I had read SF as an adolescent but discovering JG Ballard had derailed me: nothing else in the genre could quite match the intensity of his prose. At university I had read mainly non-fiction: there was so much reality to discover, it seemed pointless to read to stuff people had made up. When I was studying European heresy my tutor John Critchley advised me to read Umberto Eco's The Name of the Rose (I was chuffed to explain to him that the blind librarian Jorge of Burgos was a reference to Jorge Luis Borges, because that joke had passed him by). I also read Mishima because I did courses on both medieval and modern Japan, and he seemed appropriate. For light relief I read Italo Calvino's short stories and the Blandings novels of P.G.Wodehouse.
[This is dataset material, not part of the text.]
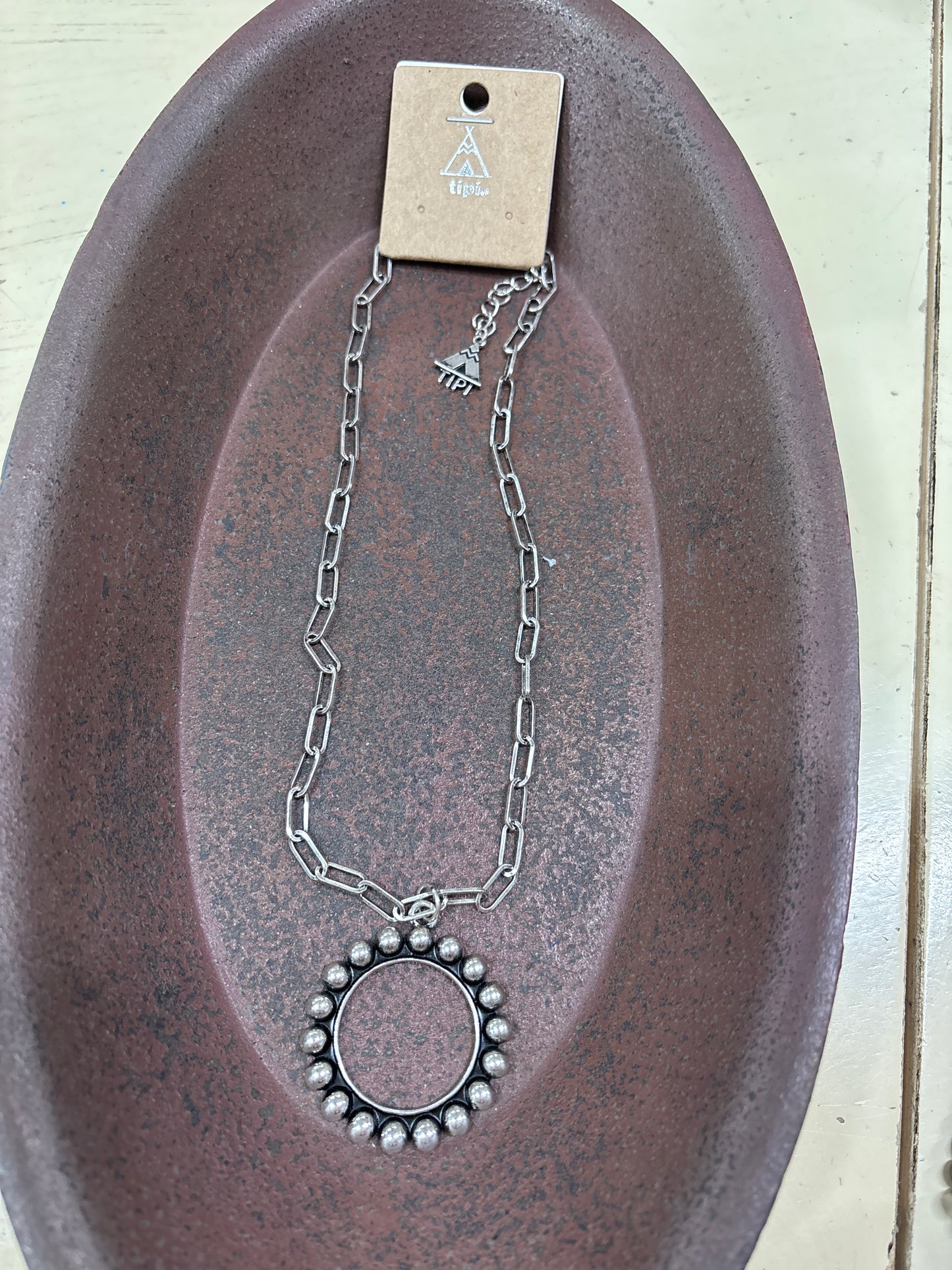 TIPI SILVER 10" CHAIN WITH ROUND CHARM W/BALLS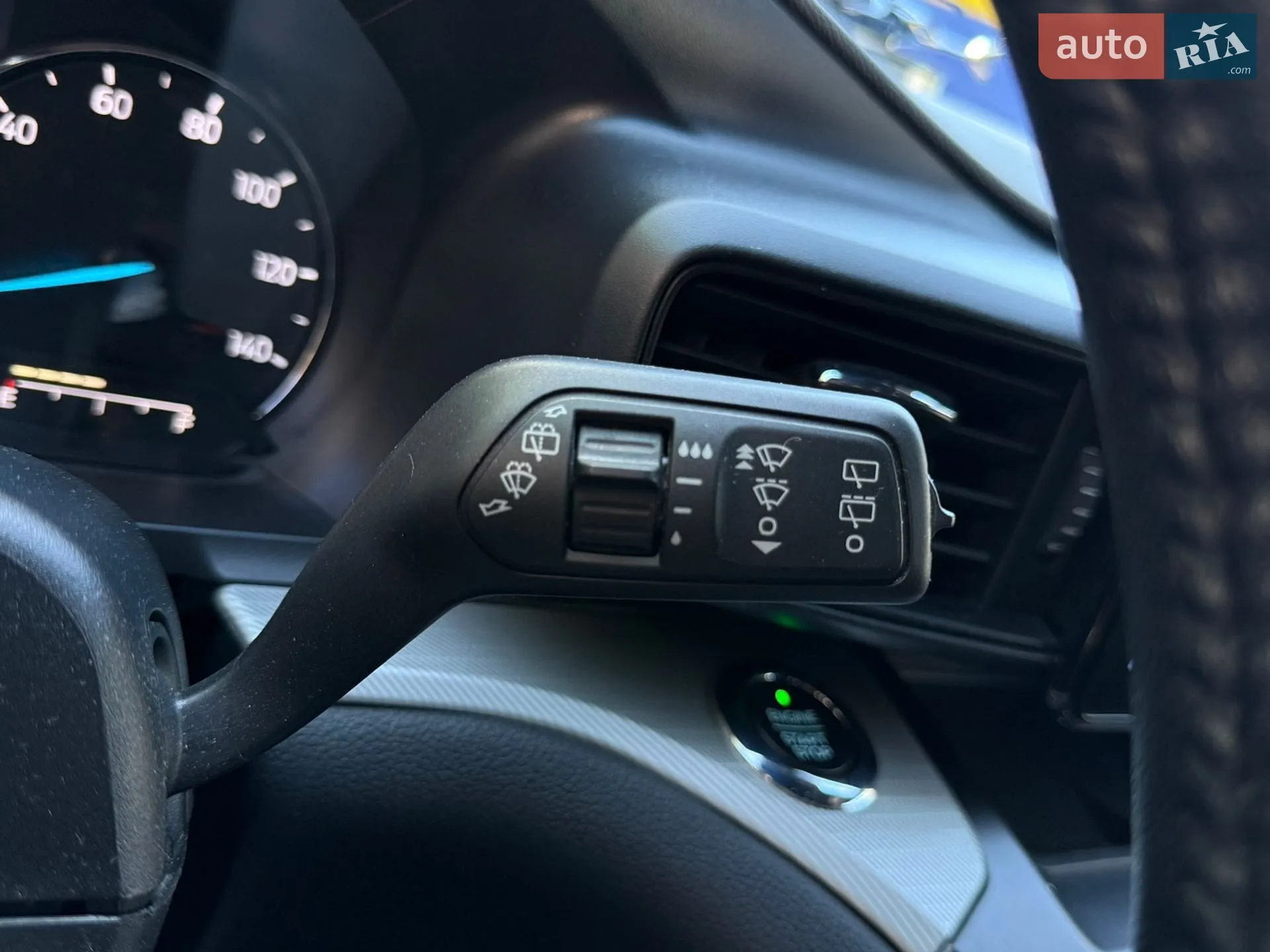 2020 Ford Explorer - мініатюра 59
I realise that list probably makes me sound like an insufferable prick. But then I probably was an insufferable prick at university, so that's fair.
I'm not going to do a review here. I presume everybody who reads blogs has read Neuromancer. If that's not the case stop reading this right now and go read it. Like most SF it has dated but not as badly as some. Few SF authors have changed the world. My quasi-namesake Arthur C Clarke did, with his invention of the geosynchronous satellite, but largely his vision has not been realised. No lunar explorers have disinterred mysterious black slabs because there are no bases on the moon. Heck, nobody's even been to the moon for over thirty years. Whereas it's a measure of the impact Gibson's writing has had on the world that he has stopped writing SF and moved into regular fiction without any meaningful change of tone or subject matter. (I guess Bill Gates, Steve Jobs, Michael Dell, Larry Ellison and others have also had something to do with it).
Gibson's insight was to take the glamour which traditionally attached to spaceships and astronauts and transfer it to computers and programmers, who were - it's fair to say - not glamourous. At Exeter the Comp Sci students were pimply-faced youths in brown and beige, as boring as accountants. In fact, more boring: at least there were some girls amongst the accountancy students. Neuromancer changed that image by making computers cool, sexy and edgy. Which is why it has had such a profound effect on modern life. All over the world, pimply-faced youths in brown and beige set about immanentising a world in which computers - and by extension the people who worked with them - were cool sexy and edgy.
Neuromancer was Gibson's first novel. In 1986 it was a bit frustrating to discover that there wasn't anything else to read by him. I just had to wait until Count Zero came out. On the other hand it does mean that every few years there is a new novel to look forward to.
So today I joined the line of people to buy a signed copy of Gibson's new novel, Spook Country, at Forbidden Planet. I told him I was grateful to him for writing Neuromancer because it had directed me into a career in software development. His face crinkled with recognition. "Oh you're one of those guys," he said. Yep, I'm one of those guys.